What you are asked to do:
Give the lines again, unchanged, starting with the line containing "Double Wood Supplements" and ending with the last line of the data below.
##### Exercise material
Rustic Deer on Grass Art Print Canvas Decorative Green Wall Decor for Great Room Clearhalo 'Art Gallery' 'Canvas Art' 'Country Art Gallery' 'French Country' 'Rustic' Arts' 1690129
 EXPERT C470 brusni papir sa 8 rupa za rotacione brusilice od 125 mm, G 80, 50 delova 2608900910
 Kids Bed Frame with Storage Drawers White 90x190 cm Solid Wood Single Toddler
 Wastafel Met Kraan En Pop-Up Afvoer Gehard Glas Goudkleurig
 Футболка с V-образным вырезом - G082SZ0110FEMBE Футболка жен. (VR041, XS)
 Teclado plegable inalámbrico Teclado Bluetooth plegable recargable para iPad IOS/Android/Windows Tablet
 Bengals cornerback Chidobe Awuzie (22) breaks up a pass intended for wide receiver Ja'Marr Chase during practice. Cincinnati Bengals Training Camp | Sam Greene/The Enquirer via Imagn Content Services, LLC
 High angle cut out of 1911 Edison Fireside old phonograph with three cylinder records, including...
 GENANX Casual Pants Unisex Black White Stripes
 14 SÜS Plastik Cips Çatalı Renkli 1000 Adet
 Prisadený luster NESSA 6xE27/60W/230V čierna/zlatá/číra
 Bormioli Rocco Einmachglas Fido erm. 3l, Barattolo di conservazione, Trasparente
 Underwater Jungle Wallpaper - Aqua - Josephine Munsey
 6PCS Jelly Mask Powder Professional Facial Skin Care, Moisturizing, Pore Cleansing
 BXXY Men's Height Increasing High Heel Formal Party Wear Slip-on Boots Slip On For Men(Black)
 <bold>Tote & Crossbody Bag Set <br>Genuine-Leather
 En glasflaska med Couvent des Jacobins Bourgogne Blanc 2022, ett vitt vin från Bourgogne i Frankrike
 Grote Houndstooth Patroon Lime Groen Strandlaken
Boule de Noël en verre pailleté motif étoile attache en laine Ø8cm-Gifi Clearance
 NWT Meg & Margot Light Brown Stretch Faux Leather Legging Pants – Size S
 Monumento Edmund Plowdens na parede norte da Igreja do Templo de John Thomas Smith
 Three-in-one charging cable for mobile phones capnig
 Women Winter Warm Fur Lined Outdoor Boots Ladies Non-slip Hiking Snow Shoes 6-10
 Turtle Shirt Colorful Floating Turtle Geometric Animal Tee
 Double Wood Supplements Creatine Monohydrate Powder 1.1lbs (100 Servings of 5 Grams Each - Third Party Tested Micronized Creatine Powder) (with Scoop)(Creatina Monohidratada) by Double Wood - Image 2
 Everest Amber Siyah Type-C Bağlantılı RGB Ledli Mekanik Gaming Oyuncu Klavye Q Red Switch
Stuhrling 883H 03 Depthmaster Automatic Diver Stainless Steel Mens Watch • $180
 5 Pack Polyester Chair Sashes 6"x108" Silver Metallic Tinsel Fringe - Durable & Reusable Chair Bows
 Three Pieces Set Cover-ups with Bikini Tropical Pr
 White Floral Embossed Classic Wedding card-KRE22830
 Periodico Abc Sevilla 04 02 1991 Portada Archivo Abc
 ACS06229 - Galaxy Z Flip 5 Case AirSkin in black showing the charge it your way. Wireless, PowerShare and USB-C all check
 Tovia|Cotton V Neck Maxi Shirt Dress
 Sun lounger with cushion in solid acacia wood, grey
##########
Solution to this problem:
 Double Wood Supplements Creatine Monohydrate Powder 1.1lbs (100 Servings of 5 Grams Each - Third Party Tested Micronized Creatine Powder) (with Scoop)(Creatina Monohidratada) by Double Wood - Image 2
 Everest Amber Siyah Type-C Bağlantılı RGB Ledli Mekanik Gaming Oyuncu Klavye Q Red Switch
Stuhrling 883H 03 Depthmaster Automatic Diver Stainless Steel Mens Watch • $180
 5 Pack Polyester Chair Sashes 6"x108" Silver Metallic Tinsel Fringe - Durable & Reusable Chair Bows
 Three Pieces Set Cover-ups with Bikini Tropical Pr
 White Floral Embossed Classic Wedding card-KRE22830
 Periodico Abc Sevilla 04 02 1991 Portada Archivo Abc
 ACS06229 - Galaxy Z Flip 5 Case AirSkin in black showing the charge it your way. Wireless, PowerShare and USB-C all check
 Tovia|Cotton V Neck Maxi Shirt Dress
 Sun lounger with cushion in solid acacia wood, grey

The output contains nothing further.